--- WHAT YOU ARE ASKED TO DO ---
Before printing the listing, strip out its pictures and keep everything else exact.

--- AVAILABLE DATA ---
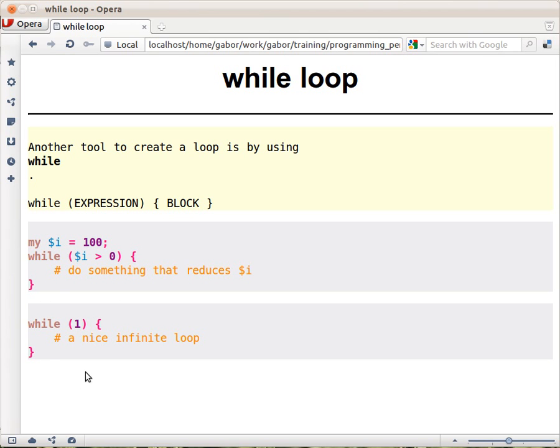This example is an infinite loop. Because $1 is always true, this expression is always going to be executed. And later we'll see how to leave such infinite loops.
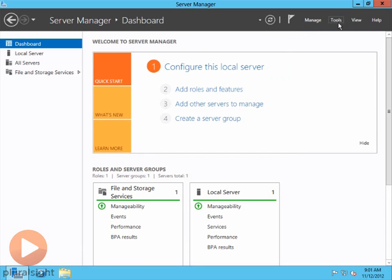So, that's pretty much it. We've done it. We have completed at least the initial setup of a Windows Server 2012 computer. See you later.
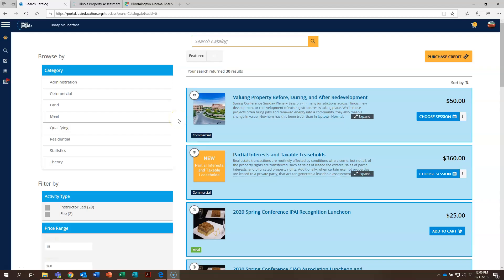Welcome to this training video for the IPAI Student Portal. Today we're going to cover how to pay for a course and register and how to add a course to your wish list.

--- OUTPUT ---
This example is an infinite loop. Because $1 is always true, this expression is always going to be executed. And later we'll see how to leave such infinite loops.
So, that's pretty much it. We've done it. We have completed at least the initial setup of a Windows Server 2012 computer. See you later.
Welcome to this training video for the IPAI Student Portal. Today we're going to cover how to pay for a course and register and how to add a course to your wish list.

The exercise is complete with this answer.